Elucidating pathway-selective biased CCKBR agonism for Alzheimer's disease treatment

Abstract

Expressed in the entorhinal cortex (EC), the cholecystokinin (CCK) B receptor (CCKBR) plays an important role in memory and learning. Here, we identify that CCKBR-Gs and -Gq signaling, rather than CCKBR-Gi signaling, are beneficial for Alzheimer's disease (AD) treatment. Clinically, patients with more severe AD associated with lower CCKBR-Gq activity. The cryo-electron microscopy (cryo-EM) structures of CCKBR in complex with the endogenous agonist sulfated CCK8 (CCK8s) and 3 different G protein subtypes revealed that distinct receptor conformations contribute to selective G protein bias.
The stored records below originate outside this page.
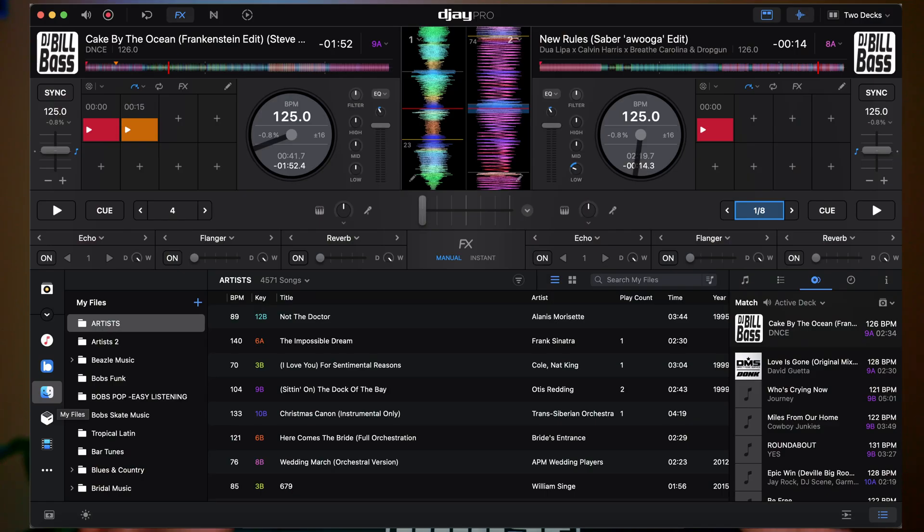One thing Virtual DJ and DJ Pro AI have in common is you don't need any type of hardware to use the software with all of its features. The minute you open the program, you have access to everything. No hardware is required to use either program, which is really cool. Unlike Serato, where in order to do that, you have to spend $9.99 a month on a subscription to get access to their play feature.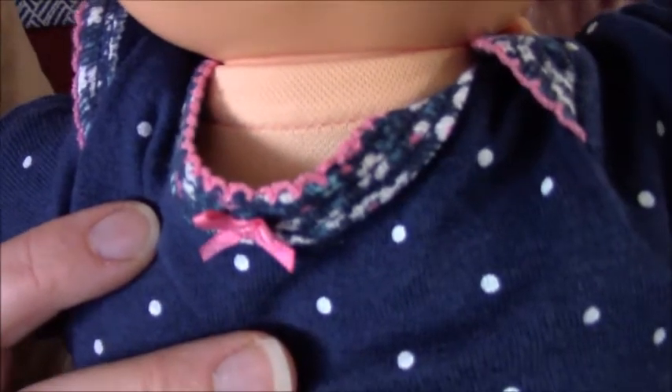It has a onesie on. It is a Carters preemie size. This is blue with white polka dots. It has got a whole collar.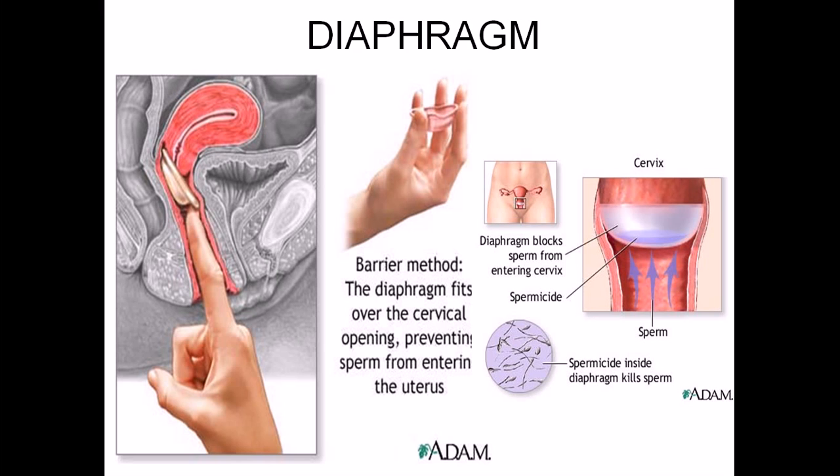The diaphragm is more expensive than other barrier methods such as condoms, which is why people relied on it more in earlier times before condoms became widely available. Nowadays, people generally do not rely on the diaphragm. If you want to use only physical barrier methods without hormonal pills, the recommendation is to use a male condom along with spermicide.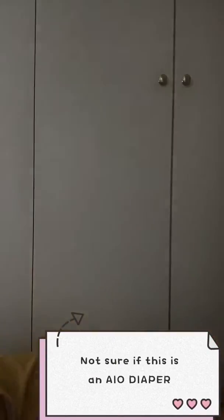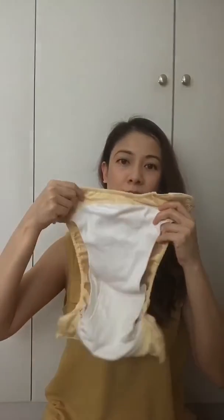What I do sometimes is add a layer of a thin nappy cloth — I just put it in here to make it last a little bit longer. And the same for these ones here.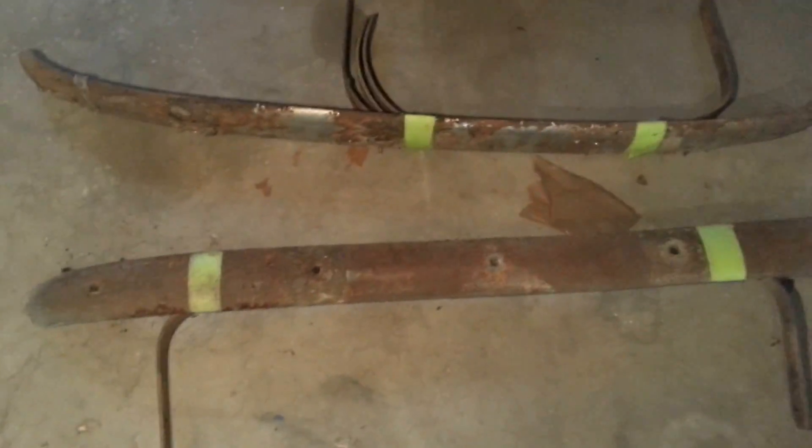Alright, on to the parts. Got the bumpers here. Obviously they need to be chromed and everything but they're pretty straight. Got all your brackets.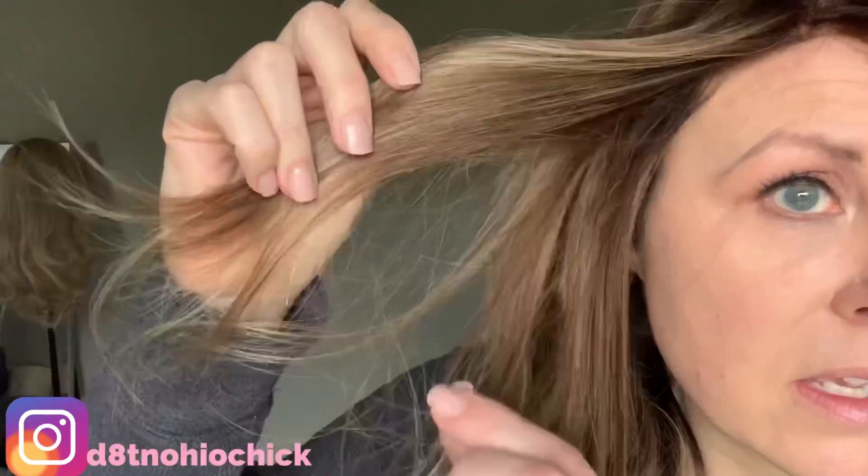This beautiful, gorgeous, soft hair is Brazilian — again, it is Remy human hair. Very fine, soft hair that feels almost like European hair.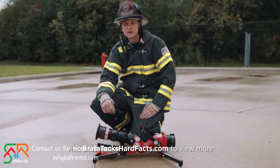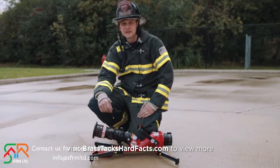We've listened to industry feedback, enhancing this product to increase effectiveness and safety on the fire ground.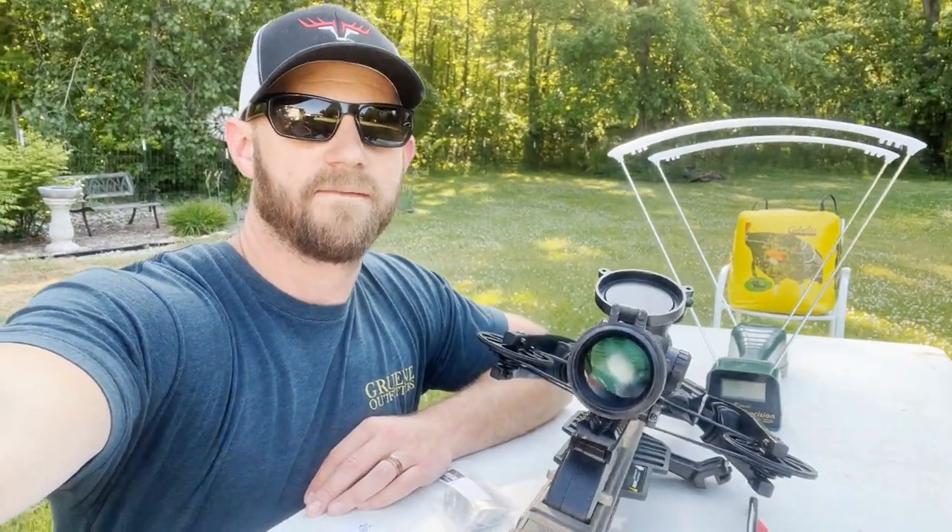Hey everybody, welcome back. Today's video, we're going to be doing a speed versus weight profile on the Diesel X, so stay tuned.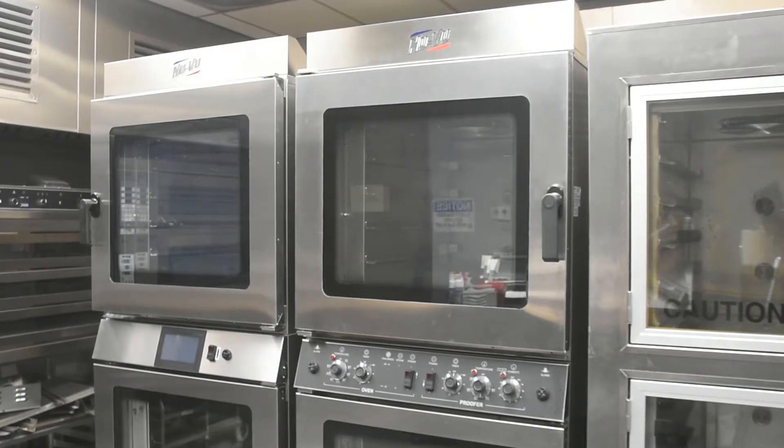The oven and proofer interiors should be cleaned on a regular basis with mild soap and hot water, followed by a thorough rinse with fresh clean water.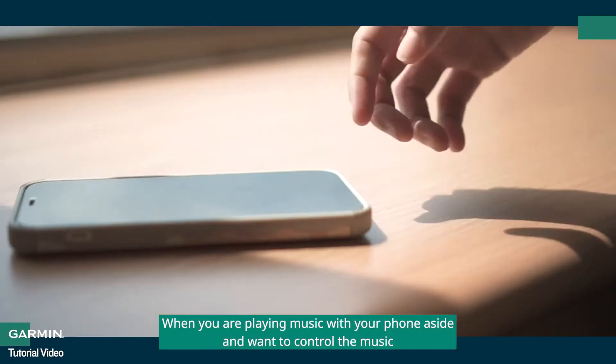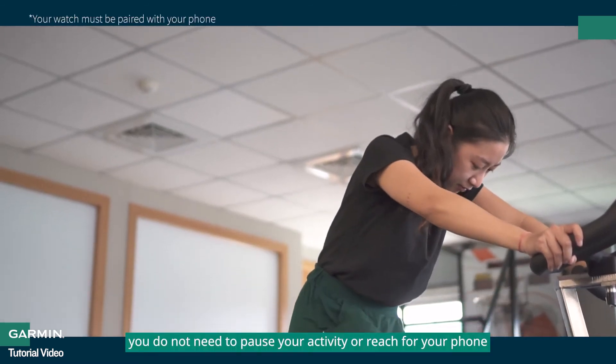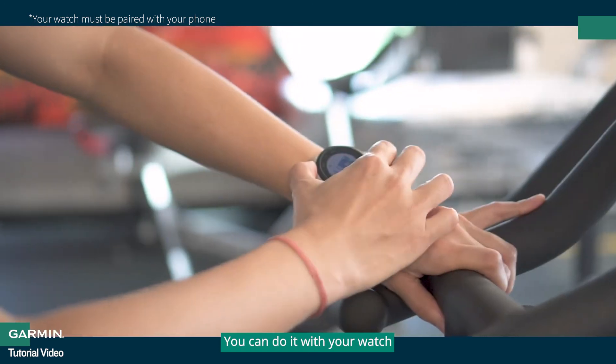When you are playing music with your phone aside and want to control the music, you do not need to pause your activity or reach for your phone. You can do it with your watch.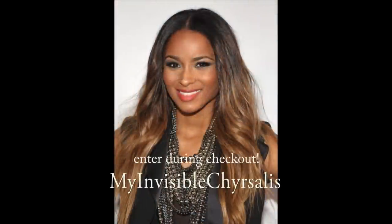So that's it. I just wanted to share with you this really pretty wig that I got. The cool thing is that it comes with a coupon code — just put in 'my invisible chrysalis' at checkout. Thanks for watching, bye!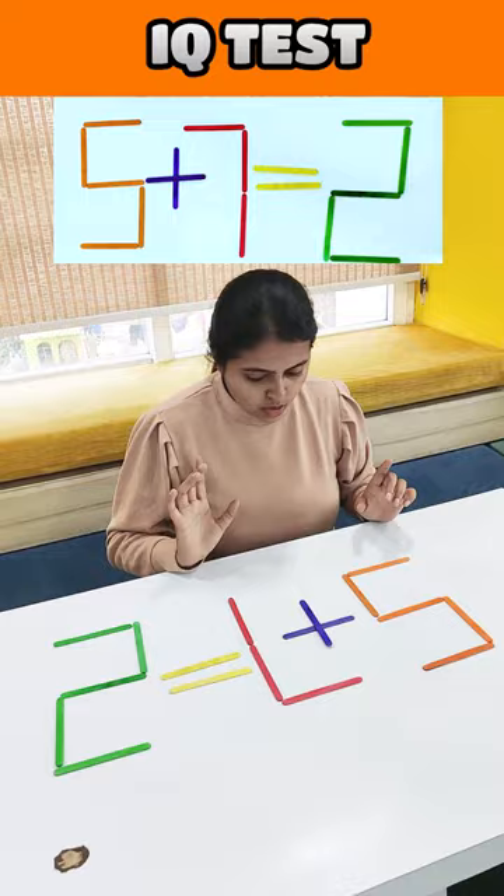Which matchstick needs to be moved? 9 minus 7 is equal to 7, so you need to move one matchstick.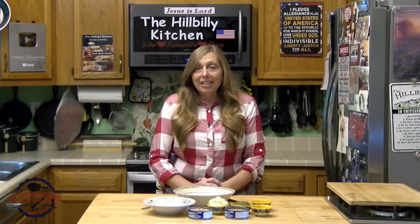Howdy folks and welcome to the Hillbilly Kitchen. Today we're making Mama's Tuna Salad.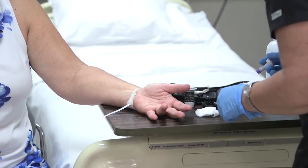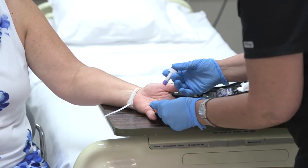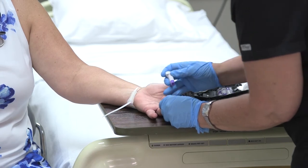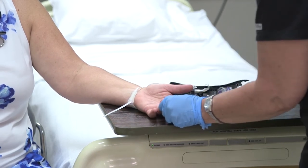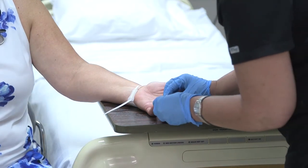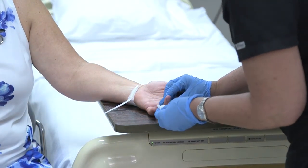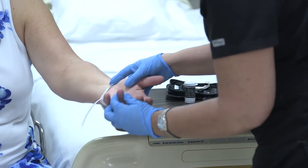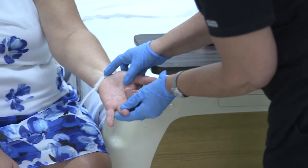It looks like it's good and dry. We're going to puncture on the side. Did you feel that? Just a little bit — just a little poke. We're going to go ahead and wipe off this first drop of blood, and I'm going to set that over there. Now I'm just going to hold your hand down in a dependent position.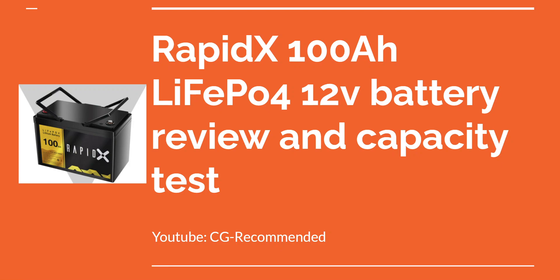G'day. I was trying to find some reviews of this RapidX 100Ah battery online and I couldn't find any from someone who's bought it, so I decided to pick one up myself and test it out.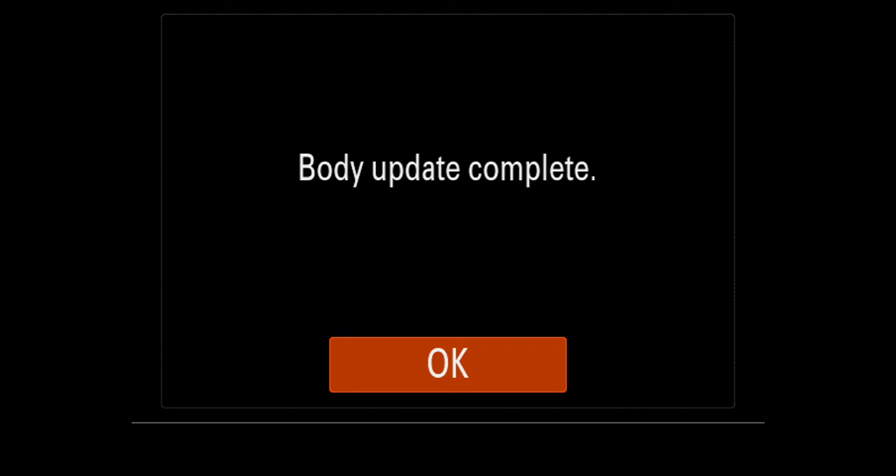It's executing — everything is off. A few moments later — it has updated. That was extremely fast compared to the old method. The camera is now updated, body update completed. We press okay.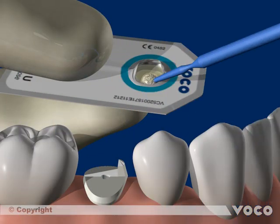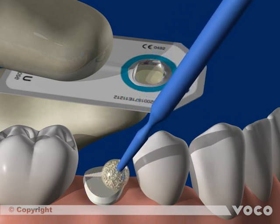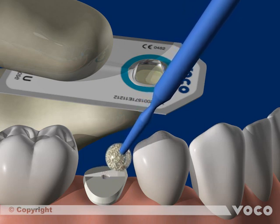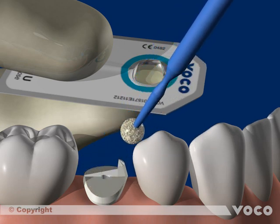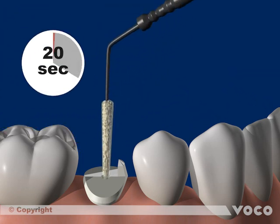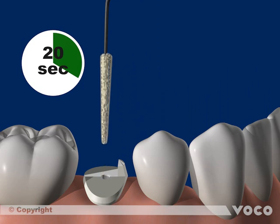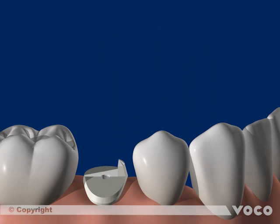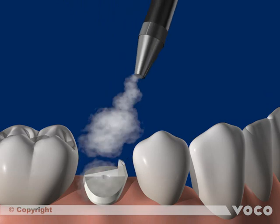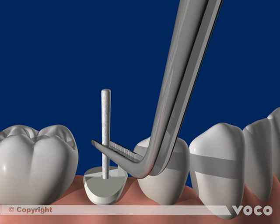In the meantime, the single dose blister is activated and opened, and the adhesive is applied coronally and rubbed in for 20 seconds. For application in the root canal, a special applicator, Endotip, is used to also rub in the adhesive for 20 seconds. Remaining adhesive in the root canal is then removed with a paper point.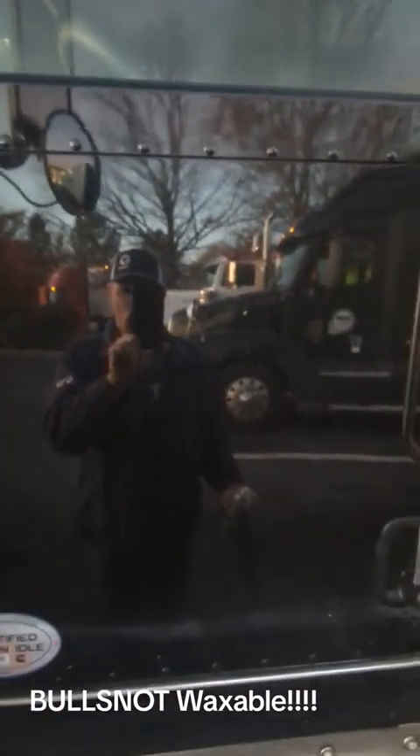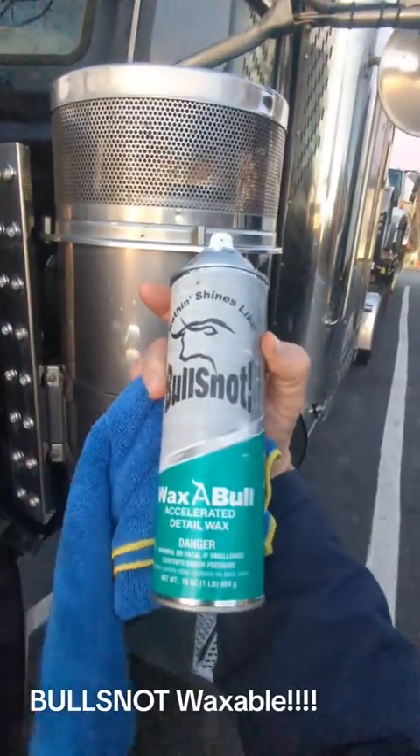We're just gonna do the top part here. No swirl marks in the paint — I do it with the bull snot waxable. There's the door and there's the half of the hood that I did less than a minute ago. You can see the part I haven't done yet — that's the difference. If you don't want swirl marks in your paint, use the bull snot waxable.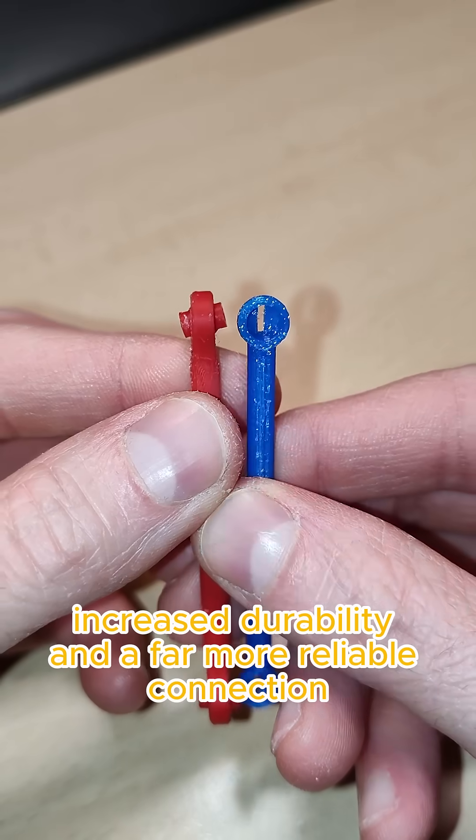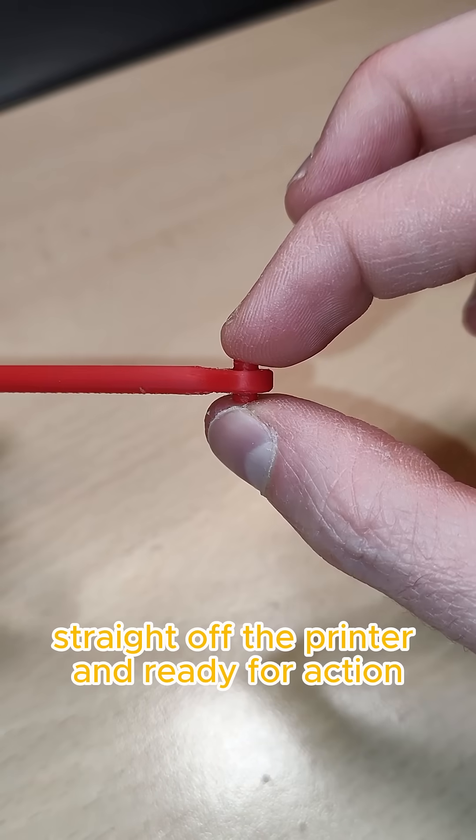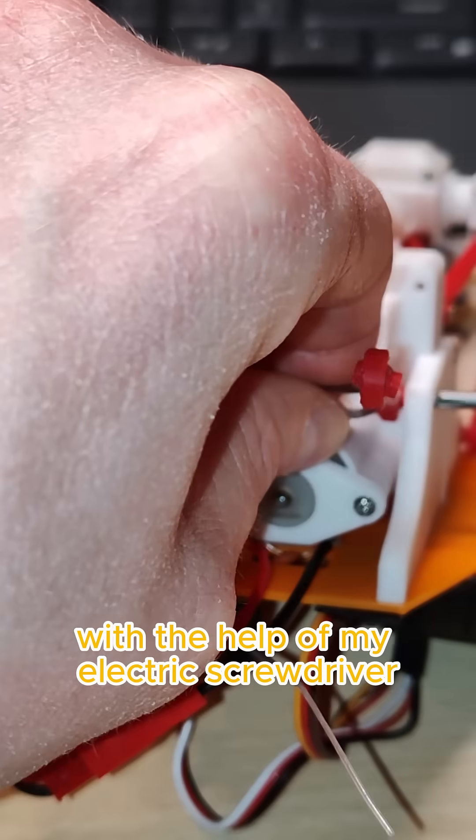Smoother movement, increased durability, and a far more reliable connection. Straight off the printer and ready for action. Now it's time to install them with the help of my electric screwdriver.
Leveraging these structural insights, we rationally develop synthetic CCKBR agonists, including a Gi-biased agonist (z-44) and a Gq-biased agonist (3r1). Notably, 3r1 demonstrates therapeutic potential by ameliorating cognitive decline in 5×FAD mice, reducing the number of amyloid-β plaques, and promoting long-term potentiation (LTP) via upregulation of the α-secretase (ADAM10) and the calcium signaling molecule PLCB4. Our findings suggest that synthetic biased agonists targeting CCKBR-Gq signaling have therapeutic potential for AD.

Keywords: Alzheimer's disease; CCKBR; PLC; biased agonists; cognitive enhancement; cryo-EM structure; inflammation; neuroprotection; structure-based drug design; synaptic plasticity.